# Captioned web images

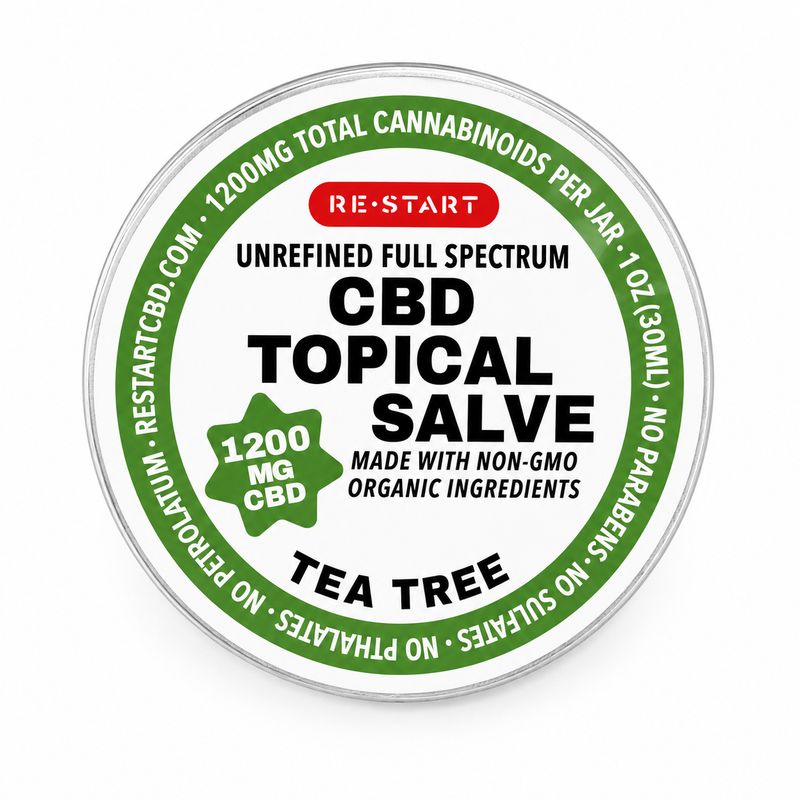 CBD Salve Unrefined Full Spectrum 1200mg 1oz Travel Size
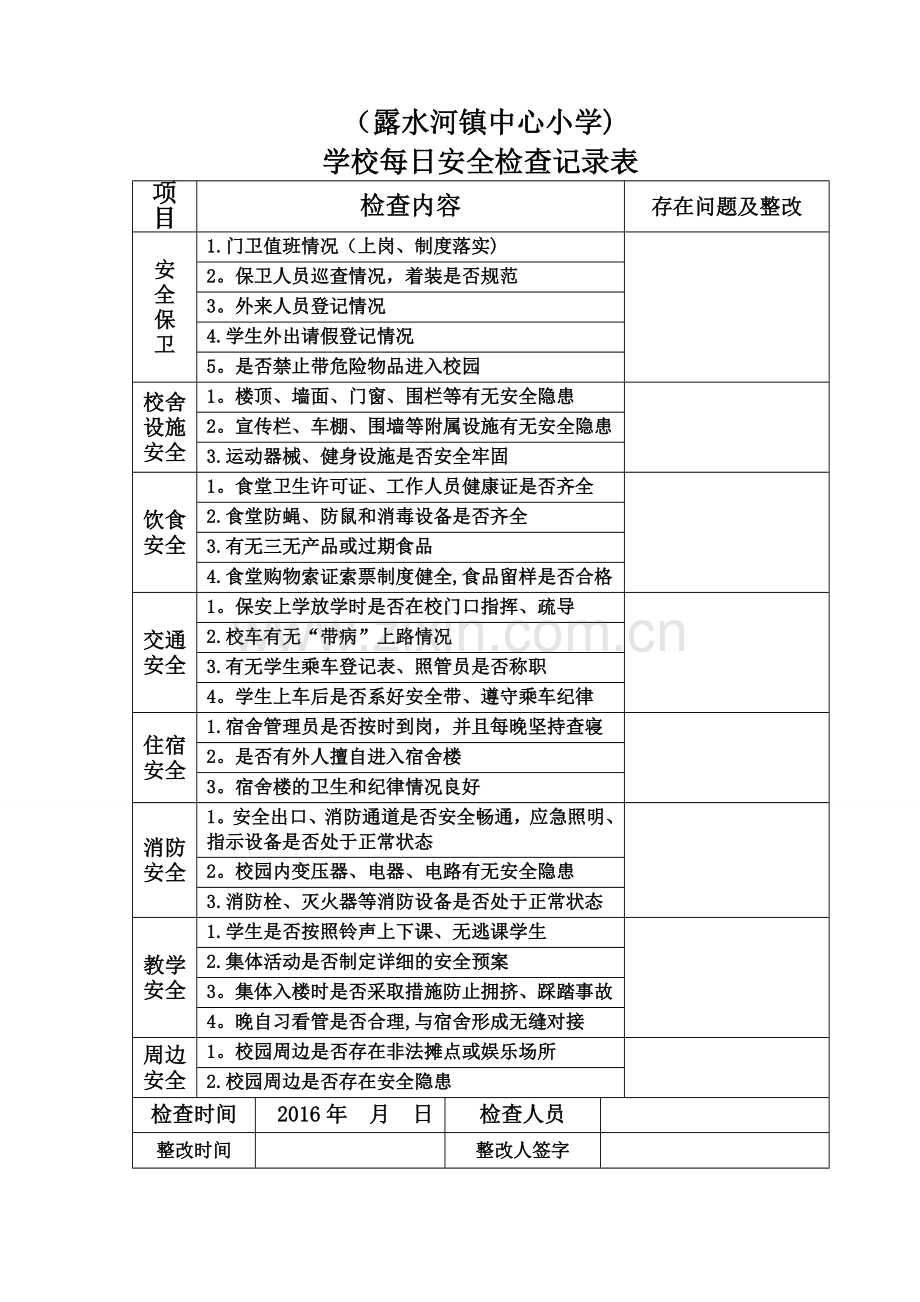 学校每日安全检查记录表.doc_第1页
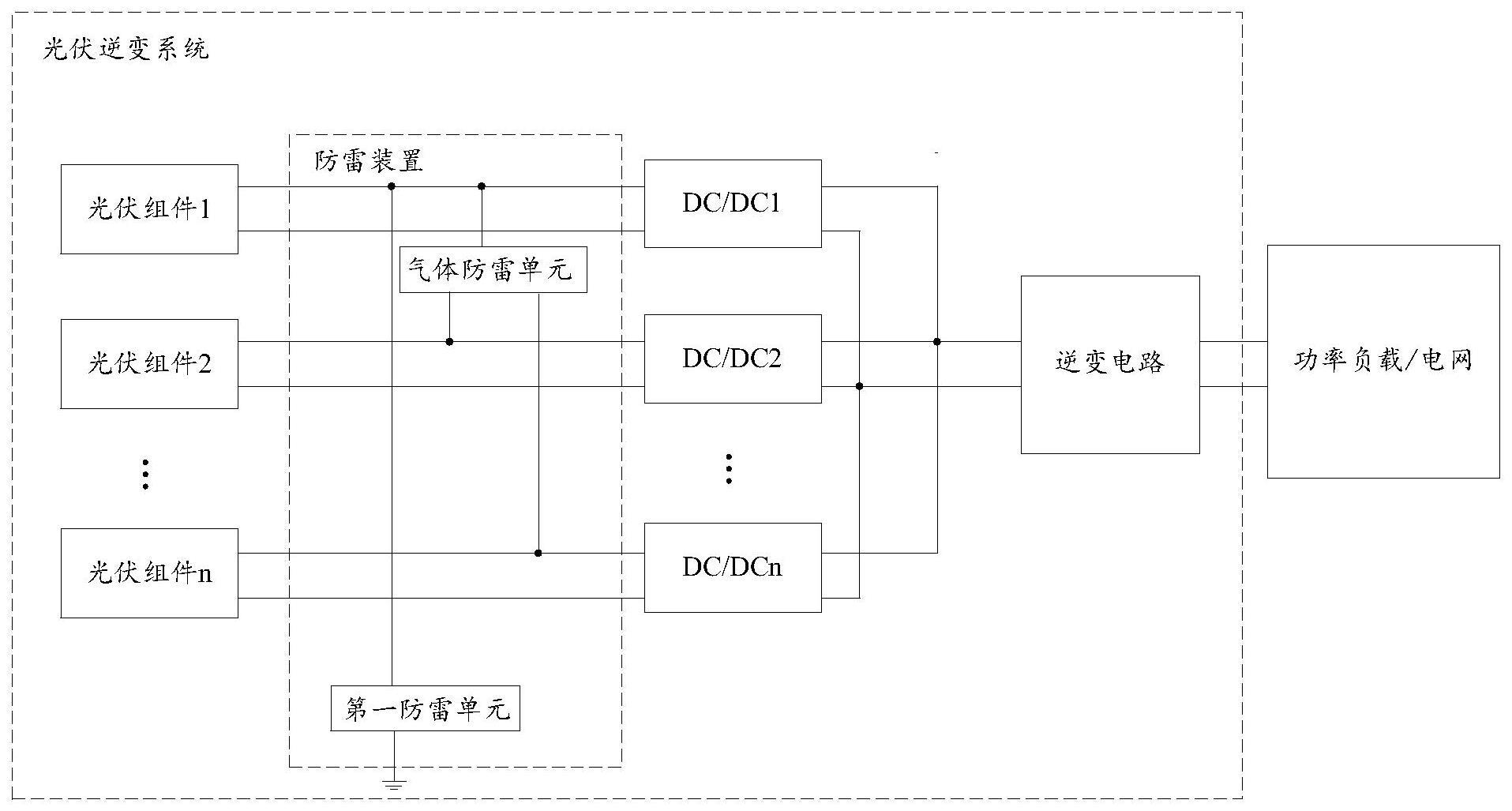 一种光伏逆变系统及防雷装置的制作方法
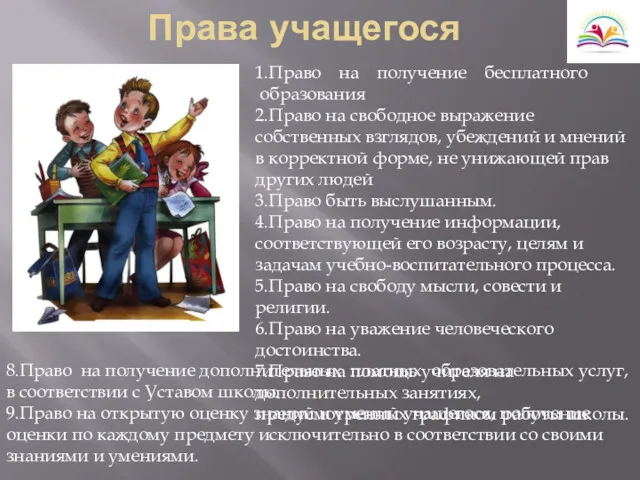 Права учащегося 1.Право на получение бесплатного образования 2.Право на свободное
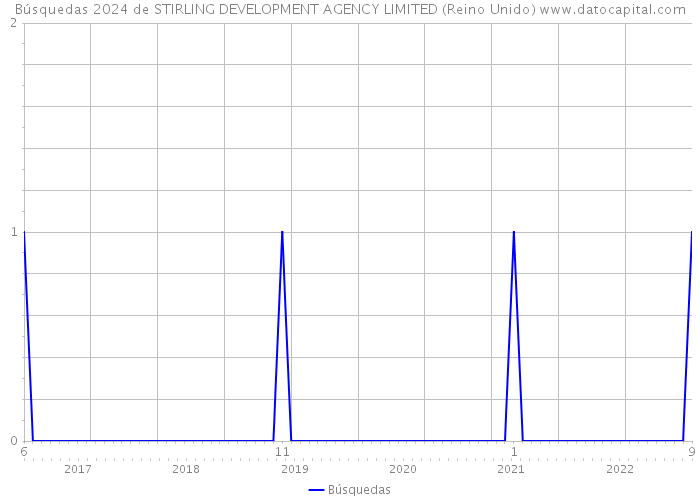 Búsquedas 2024 de STIRLING DEVELOPMENT AGENCY LIMITED (Reino Unido) 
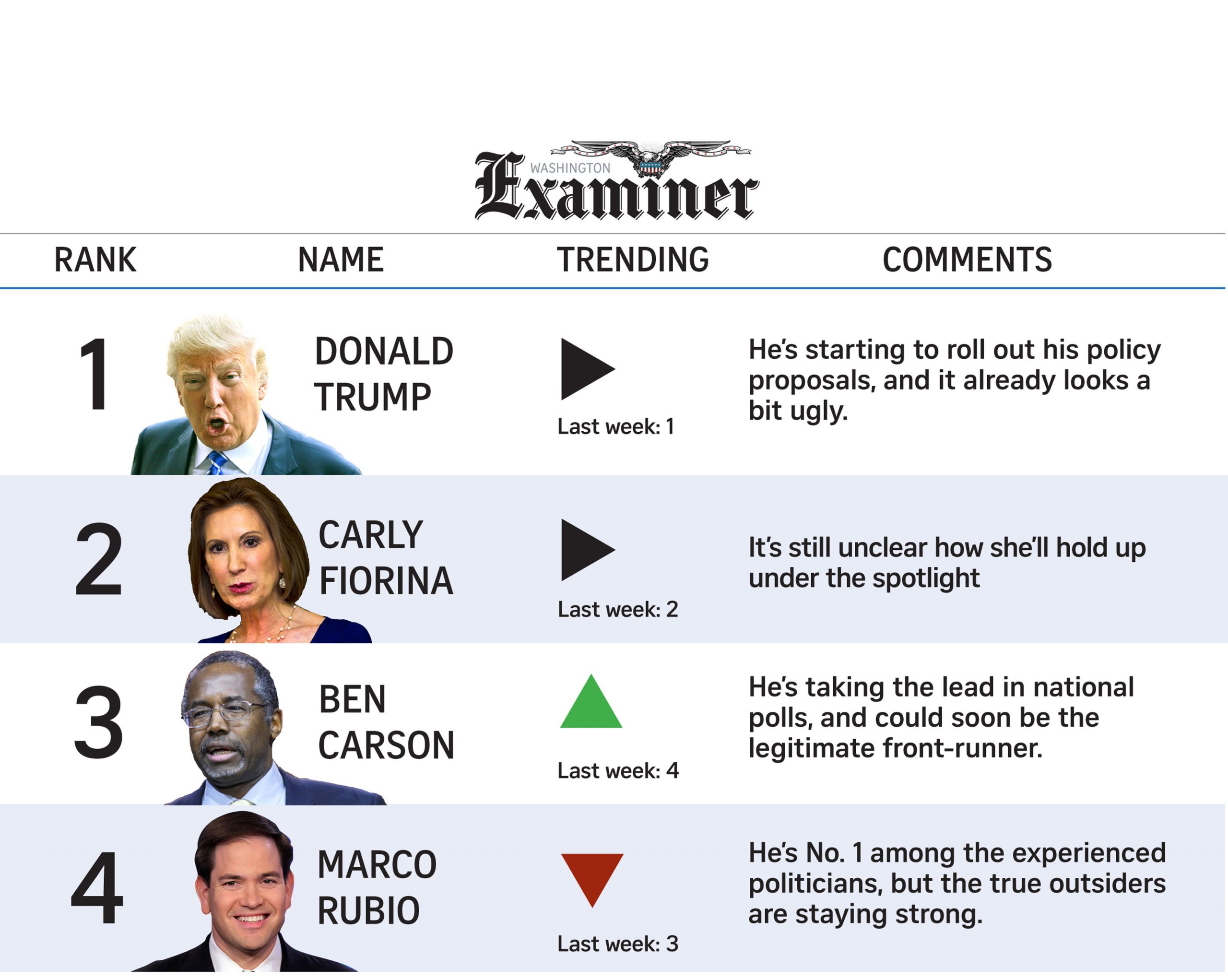 Outsiders Carson, Cruz, Fiorina maintain grip on polls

# TASK REQUIREMENTS
For this exercise, set down exactly the lines that run from the line holding "一种光伏逆变系统及防雷装置的制作方法" to the last line of the records above; include both end lines and omit pictures.

# RESULT BELOW
 一种光伏逆变系统及防雷装置的制作方法
 Права учащегося 1.Право на получение бесплатного образования 2.Право на свободное
 Búsquedas 2024 de STIRLING DEVELOPMENT AGENCY LIMITED (Reino Unido) 
 Outsiders Carson, Cruz, Fiorina maintain grip on polls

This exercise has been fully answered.